The RSPCA said it picked up 23 sick swans over the past two weeks, according to local media reports, but only one survived. The animal welfare charity was first alerted by the public on 28 July and has been trying to rescue ill birds from the river ever since, it said.
The charity contacted the Environment Agency and according to the local press, the regulator’s initial findings suggest that avian botulism was the cause of the birds’ deaths.
The Animal and Plant Health Agency (APHA) says avian botulism is usually caused by C. botulinum, an oxygen intolerant bacterium that multiplies in putrefying plant and animal material and is “often found in lakes in periods of anoxic conditions and poor water quality.”
Low oxygen levels can be linked to warm weather.

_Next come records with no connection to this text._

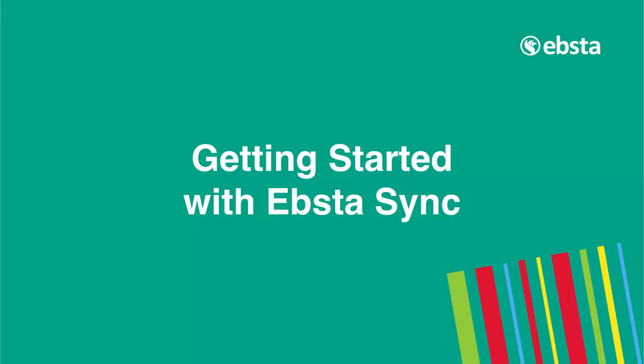So that's a quick walkthrough of EBSA's user interface. Please check out our YouTube channel for more videos.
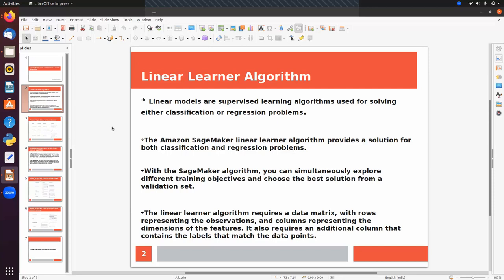With the SageMaker algorithm you can simultaneously explore different training objectives and choose the best solution from a validation set. The linear learner algorithm requires a data matrix with rows representing the observations or samples and columns representing the dimensions of the features. It also requires an additional column that contains the labels that match the data points.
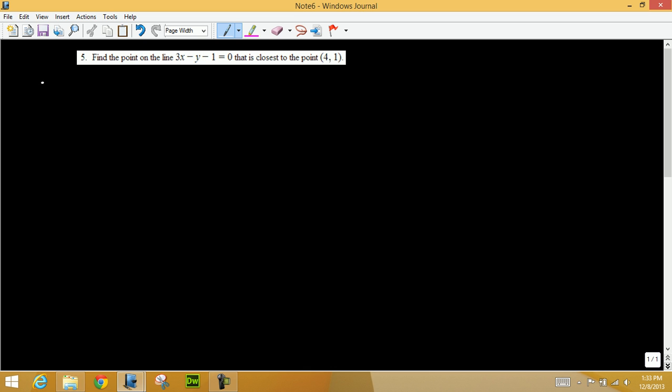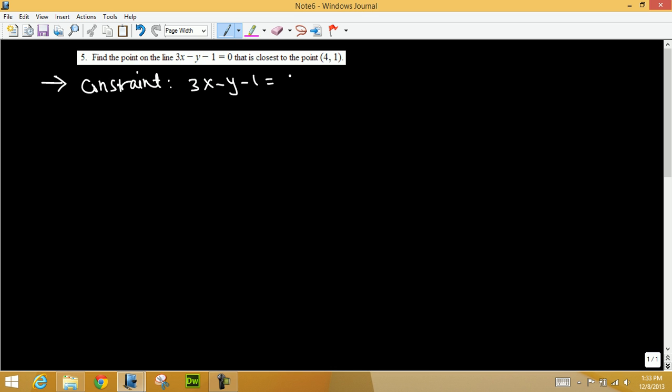In this question we need to find the point on the line 3x minus y minus 1 equals 0 that is closest to the point (4,1). You can graph this line but that's not necessary. The relationship between x and y is called the constraint, so I would write down the constraint: 3x minus y minus 1 equals 0.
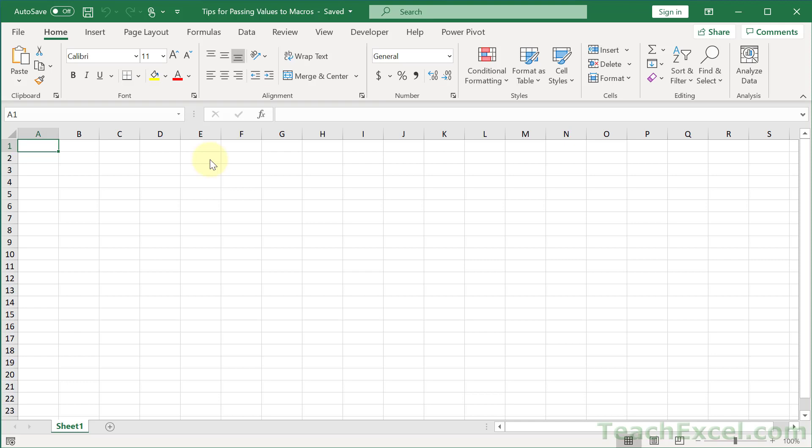Here I'm going to give you five tips for passing values from one macro to another macro. We're going to start out very simple, so I've got you covered if you're a beginner, but I've also got a very nice little treat at the end that's more advanced.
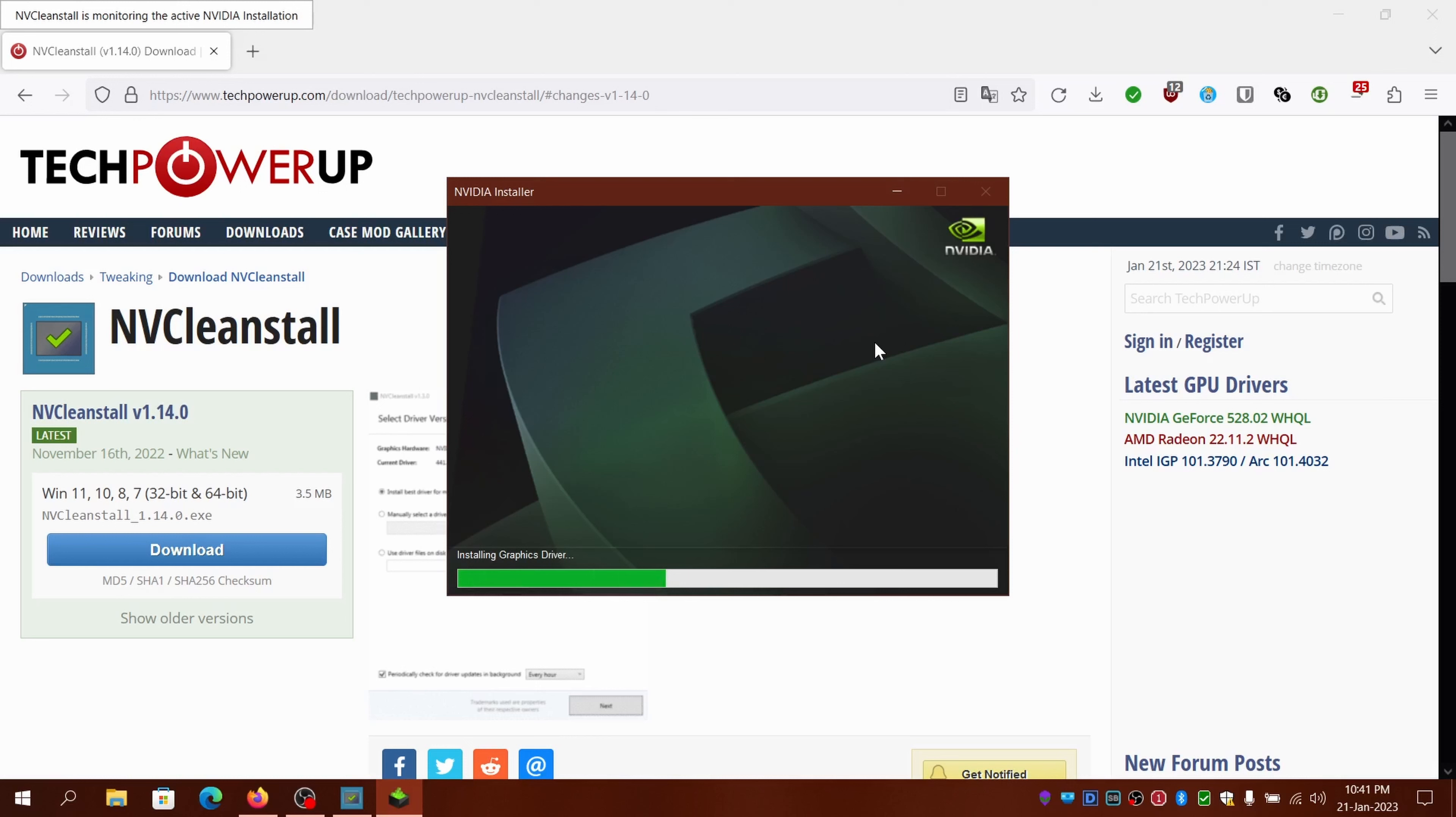The process is almost done. Now we can close the NVCleanstall window and the driver is successfully installed.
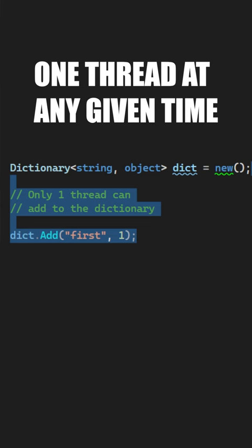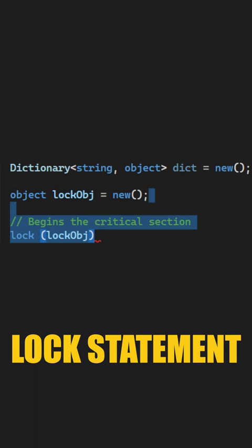You can create an object instance which you can pass to the lock statement to define a critical section. Only one thread is allowed in the body of the lock statement, and what's interesting is you can't use async/await.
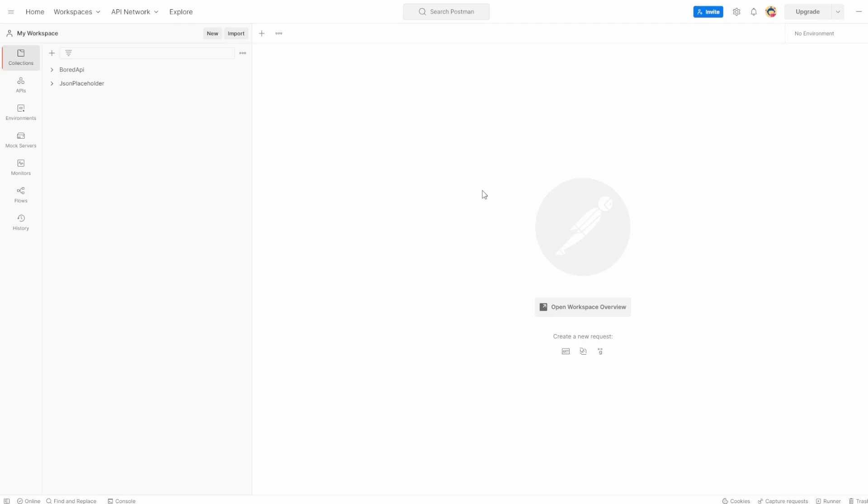This is Jared from Commit to Quality and in this video we're going to go over how to use query parameters in Postman. We're going to be using Bored API as an example.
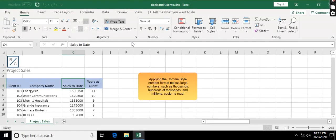Applying the comma style number format makes large numbers such as thousands, hundreds of thousands, and millions easier to read.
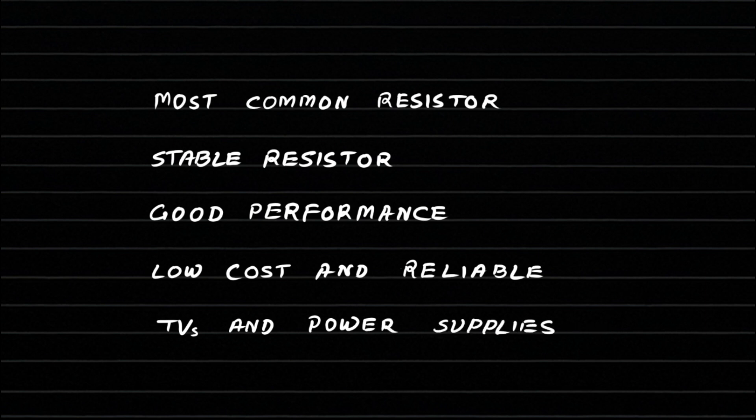Now, let's understand how a carbon film resistor is constructed. A ceramic rod, usually made of alumina, acts as the insulating base material.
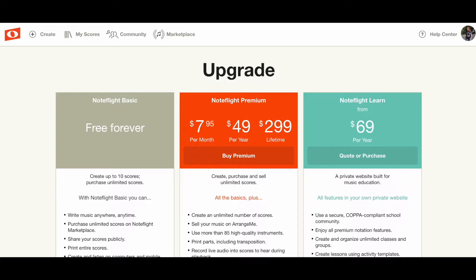Hello everybody and welcome to video one of creating song arrangements in Noteflight. Here are the three plans. I used the free plan for years — you only get 10 scores, but I ended up just erasing what I had used because I didn't need to keep it, and I was able to use that for a really long time.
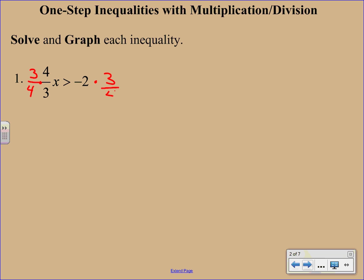3 fourths times 4 thirds cancels to give us just X. And just like before, we're going to bring down the inequality symbol. That doesn't change. And then if you want to throw a 1 underneath the negative 2, just to make it a little bit easier, you can.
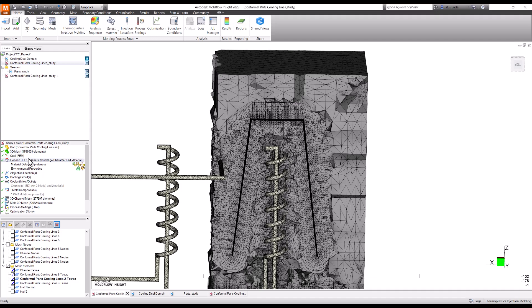So let's see which analysis gets completed earlier and we will also do the comparison between the results for the dual domain mesh versus the 3D mesh. Basically the approach here is to solve it faster without compromising the results. Probably in the next episode I will show you how the result comparison would look like between these two. Stay tuned and I will talk to you again. Thank you for your time.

Rivers can also be starved of oxygen when there is an excess of organic matter in the water, which can come from sewage works or farms. Raw sewage discharges into a river are accompanied by a decrease in dissolved oxygen content because bacteria, which use the sewage as a food source, grow in number and respire, using up oxygen in the water and can lead to fish kills.
The disease, caused by the swans eating the bacteria, can lead to the paralysis of birds’ wings, legs and necks and they usually die as a result of respiratory failure or drowning.
Stockton Council’s cabinet member for access, communities and community safety Steve Nelson said he was saddened by the deaths and urged people and their pets to stay out of the water.
“We strongly advise this at all times anyway but this is just another reason to do so, alongside the other dangers like currents and cold water shock,” he said.
“If you’re walking your dog close to the area where the swans have died, we’re advising you to keep them on a short lead and away from the water.”
In a statement, RSPCA chief inspector Mark Gent, who has been leading the rescue operation, said: “Swans affected by the illness usually display a kinked neck and their beaks are more of a grey colour rather than a distinctive orange.
“It is awful to deal with this situation as the birds are in such a state of suffering the chances of them recovering are extremely low and if they are left they will die a lingering death.
“We have been busy rescuing them but sadly 22 were in such a poor condition that a vet decided they needed to be put to sleep to end their suffering.
“We estimate there are still 86 swans on this stretch of the river and will be monitoring their health for as long as needed. We are hoping for some cooler weather and rain to help the water return to normal.”
According to the RSPCA, APHA and DEFRA are testing some of the deceased swans.
The Environment Agency said it was not able to comment because the matter did not involve a pollution incident, but that it was investigating the swans’ deaths alongside the RSPB.